My feeling on this is that versioning explicitly in the protocol adds
clarity and some small level of compatibility.  Different auth and token
endpoints are easy, what's harder is supporting multiple protocols on
the same protected resource.  It's on the protected resource I'd like to
see some clearer protocol version spec so I'm not having to figure out
from the variable names which protocol it is.

> -----Original Message-----
> From: oauth-boun...@ietf.org [mailto:oauth-boun...@ietf.org] 
> On Behalf Of Eran Hammer-Lahav
> Sent: Thursday, July 01, 2010 9:36 AM
> To: Rob Richards; OAuth WG (oauth@ietf.org)
> Subject: Re: [OAUTH-WG] Versioning
> 
> Hi Rob,
> 
> > -----Original Message-----
> > From: Rob Richards [mailto:rricha...@cdatazone.org]

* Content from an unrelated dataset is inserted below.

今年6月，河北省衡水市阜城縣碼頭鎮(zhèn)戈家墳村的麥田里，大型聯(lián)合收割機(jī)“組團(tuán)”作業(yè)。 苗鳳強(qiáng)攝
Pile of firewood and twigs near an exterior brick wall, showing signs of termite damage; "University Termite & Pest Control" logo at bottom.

> > Sent: Thursday, July 01, 2010 3:26 AM
> > To: OAuth WG (oauth@ietf.org); Eran Hammer-Lahav
> > Subject: Versioning
> > 
> > Versioning is still something that needs to be addressed 
> before being 
> > being able to consider the draft core complete.
> 
> Versioning rarely works because when you define it, you have 
> no idea what the requirements will be for the next version. A 
> good example is the OAuth 1.0 version parameter. When we 
> worked to revised 1.0 into 1.0a, we had a long debate on 
> changing the protocol version number. We had a hard time 
> agreeing on what the version meant and what was it a version 
> *of*: the signature method or the token flow.
> 
> If this protocol will require significant changes in the 
> future that go beyond its extensibility support, such a new 
> version will need to use different endpoints (token or 
> end-user authorization) and/or different HTTP authentication scheme.
> 
> If you want to discuss versioning, you must provide your 
> requirements for such a feature, and clearly show how they 
> are not served by the current extensibility proposal.
> 
> > On this I'm still of the opinion that at the very minimum you will 
> > need to require an oauth_version parameter for the resource 
> endpoints, 
> > if not also for the others as well.
> 
> I think the difficulty of differentiating a 1.0 from a 2.0 
> protected resource request is exaggerated. As said before, 
> you can tell the difference based on the presence of other 
> parameter (oauth_signature_method), or by examining the 
> provided token (assuming you issue different tokens for each 
> version). The argument that a 2.0 request can also be a 
> malformed 1.0 request is silly. I have yet to hear about that 
> level of incompetence for a 1.0 developer (and I've heard 
> about a lot) - omitting every other required parameter.
> 
> At most, I'm open to renaming the oauth_token parameter to 
> something else (oauth_access_token, oauth.token, oauth-token, 
> etc.) but I think even that is not needed.